Rose Plots show the relationship between lexical scores on all axes in the lexicon simultaneously. Documents in the dataset and documents in highlighted groups are characterized by clustering documents by similarity.

Docs

This image shows the rose plots for the English Five Pairs lexicon.

Lexical analysis by documents using rose plots

group glyph Each cluster of documents having similar scores is represented by a "rose plot" having "petals". A pair of axes will consist of a positive (the lighter, brighter colored petal) and a negative (the darker colored petal). Here the Positive and Negative axes are paired so both are shades of red and are plotted adjacent to each other. The colored portion of each petal indicates the scores that fall within the 25th to 75th percentile of scores on that axis, while the line inside the colored area represents the median score.

One can gauge the lexical scores of a group through comparing both the median of the axes as well as the size of the petals. In the example at left, we can see that overall the documents in this cluster are more negative than positive. On the example Docs panel on the left, we see that documents for this dataset cluster into just two clusters, one more negative and the other more positive. The number of clusters is directly related to the amount of variability in the lexicon scores in the collection, so it is significant here that there are only two of them.

If documents are selected, the number falling into one cluster or the other is represented by the bar graphs at the bottoms of each of the cluster windows.

To Select Documents by Cluster

To select documents by cluster so that you can see where they occur in the Galaxy, read them in the Document Viewer, etc., click on the rose plot for the cluster. To select more than one cluster, hold down the CTRL key as you click on the rose plot for each one you want to select.

The rose plot visualization will have a petal for each axis in the chosen lexicon.
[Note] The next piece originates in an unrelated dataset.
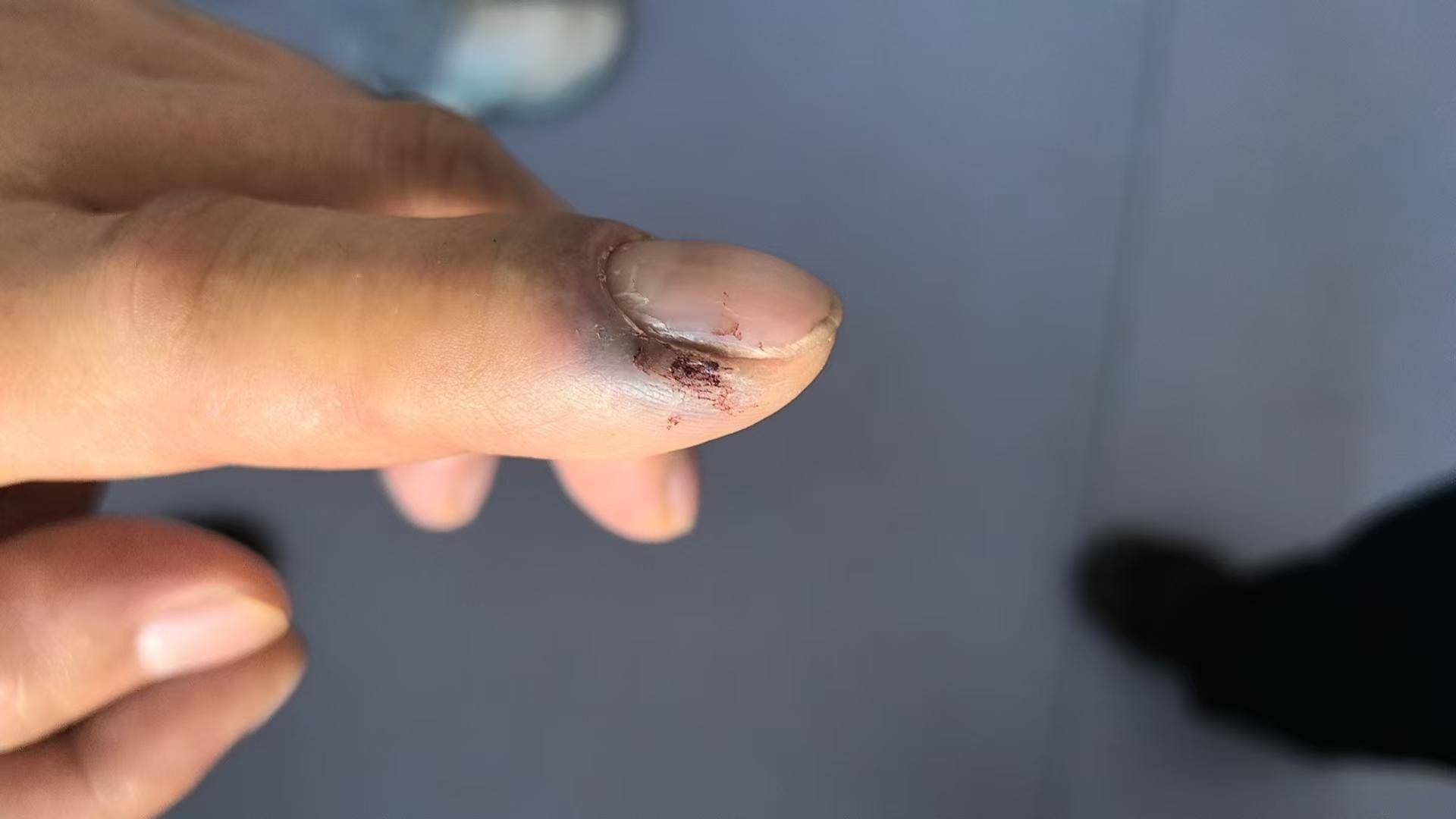 皇冠信用網怎么租_青海一男子被罕见剧毒阿拉善蝮蛇咬伤皇冠信用網怎么租,因无血清一度想放弃治疗 警车开道转运700公里救命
Rose Plots by docs with Positive - Negative lexicon

Groups

To understand how the lexical content of one group of documents differs from another, using the Rose Plots:

Create one or more groups.
In the Groups tool, highlight the groups.
On the Lexical Analysis window, click on the Rose Plots tab.
Click the Groups button at the bottom of the Lexical Analysis window. Rose plots for the highlighted groups appear.

As you can see in the above example, there are two different types of rose plots (or glyphs) in the Groups view. The first glyph is like those in the Docs view and shows the "main effect", while the second type of glyphs following show the deviations from expected scores for the group, or the "residual" scores.
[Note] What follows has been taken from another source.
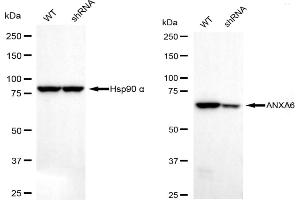 Western blotting analysis using annexin A6 antibody (ABIN7797624). (Recombinant ANXA6 anticorps)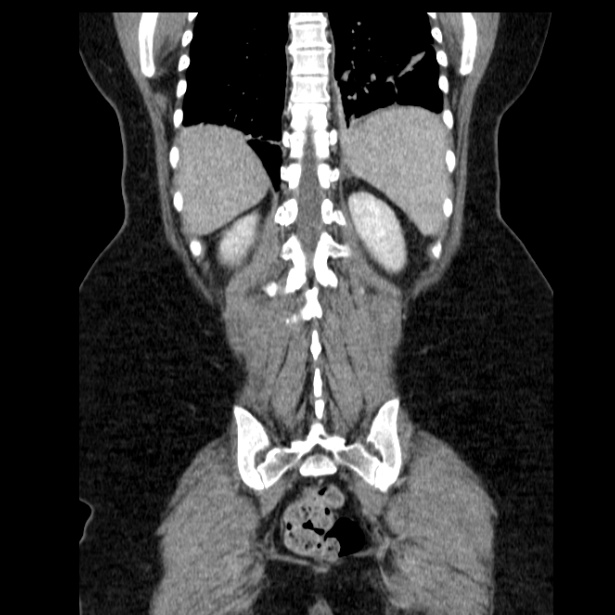 Acute pancreatitis - Balthazar C (Radiopaedia 26569-26714 Coronal C+ portal venous phase 54).jpg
You can select all of the documents portrayed in a glyphs simply by clicking on it. The square will acquire a green border and the green measure below it will show which proportion of the documents are selected. The rose plots will also reflect selections made elsewhere in IN-SPIRE, such as in the example above. Of the documents in this group, 10 have been selected (10/46 below the first glyph), and all 10 of them are in the first "residual" (10/23 below the next glyph, green histogram).

Residual Rose Plots

Residual Plot While the first (left-most) glyph for each group represents the main effect, the other glyphs for the group represent the deviations from expected scores for the group, or the "residual" scores. The expected scores are simply those scores that represent the overall distribution of scores.
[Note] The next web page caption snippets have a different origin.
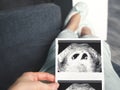 The girl is holding a snapshot of an ultrasound twin in the fourth week of pregnancy. First trimester. Selective focus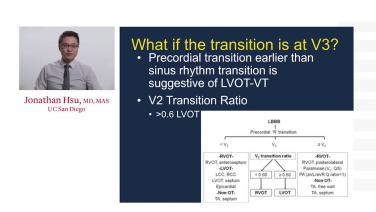Ventricular Arrhythmia Localization Using the EKG: Outflow Tract Anatomy Correlates with Jonathan Hsu, MD thumbnail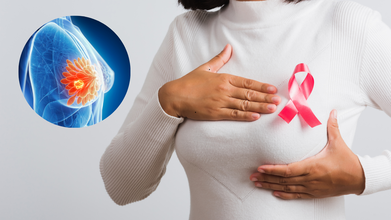 Can Wearing Black Undergarments Cause Breast Cancer? Expert Busts Breast Cancer-Related Myths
The dotted lines around the circle represent the "expected" scores for the group. Color above the dotted line indicates the scores greater than the expected value on that axis, and color below the dotted line represents the scores that are lower than expected for the group on that axis. The size of the colored area represents the magnitude of deviation. In the plot at left, we see that all of the positive axes have scores above expected, and all of the negative axes have scores at (Conflict) or below (all the others) expected values.

Analyzing the residual plots for a group can tell you about the composition of the lexicon scores for the group as a whole. In the following example, if we look at the "W. settle*" group, we see that although the main effect is that the group is more positive than negative, if we look at the residuals, we see that the majority of the Positive score depends on the high, above-expected Positive scores of a minority of the documents in the group (15 out of a total of 46).

All Settle* Group Glyphs

In the "W - iran nuclear" group, positive and negative scores are evenly split.

warning icon Comparing one group's residual glyph with another group's residual glyph is not meaningful.

Zooming in for a Closer Look

To adjust the level of detail (zoom in or out of the rose plots), use the slider at the window's lower right corner. Move the slider to the right to increase the size of the plots, and to the left to decrease them. Being able to zoom is particularly helpful when one cluster's extremely large values force the other clusters to be very small and hard to see. Zooming is also helpful if the large values for one or more axes make the proportionally small values on other axes difficult to compare.

Zoomed rose plot